Paul Metsers is a Dutch-born New Zealander who has made his name and home as a musician and singer-songwriter in the UK since 1980. He moved from New Zealand, where he had for several years become a significant artist in the local folk music scene, to England to coincide with the recording by Nic Jones of one of Paul’s songs, “Farewell to the Gold” on Nic’s classic “Penguin Eggs” album. Paul performs his songs with guitar, dulcimer and mando-cello. He loves the friendly, intimate and interactive atmosphere of the folk club and of the folk music scene in general.

Paul pursued a career as a performer in folk clubs, festivals and arts centres, playing exclusively self-penned songs, which have gained a reputation for strong melodies, striking lyrics and irresistible choruses. Many of his songs have been and still are covered and recorded by other professional performers in the folk music world.

Paul is among the many admirers of the song writing of Bob Dylan. Dylan himself paid Paul the great compliment of performing “Farewell to the Gold” at one of his concerts after finding the song on Nic Jones’ record.

During this early part of his UK career, Paul has recorded five LPs and published a songbook of over 50 of his songs. His performances and recording have received praise from a wide variety of music media. Colin Irwin, music writer for Melody Maker, described Paul as “ a songwriter of genuine depth and versatility”.

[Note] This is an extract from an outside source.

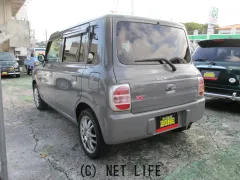 スズキ アルトラパン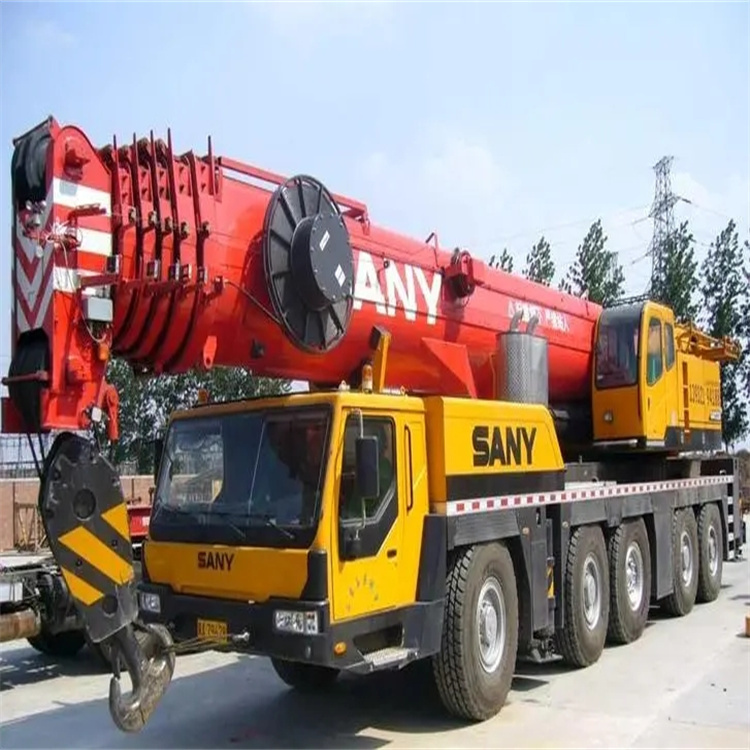 新泰附近工地哪里有吊车出租|应急吊装服务|24小时灵活调度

At the end of 1989, Paul decided to stop full-time touring in order to have more time to support his family. He and his partner, Pauline, have three children of whom the middle one, Joel is autistic and has learning difficulties. Paul and Pauline have set up a small, home-based business (Sagem Crafts) making and selling traditional wooden board games.

Since then, however, Paul has been more free to play and perform. He has also continued to write new songs and, apart from converting his five LPs to CD, is preparing a sixth CD of songs written over the years that never made it onto an album and a further CD of newer and previously unreleased material.

As he says “I can’t seem to stop myself writing a new song every once in a while and I would love them all to see the light of day and have my music “out there” where it can have a life of its own meeting up with whoever it will. I am always very flattered when fellow musicians want to sing or record my songs and hope this will continue to happen. This is what gives ongoing life to a songwriter’s creations and lets them travel freely on their own journey.”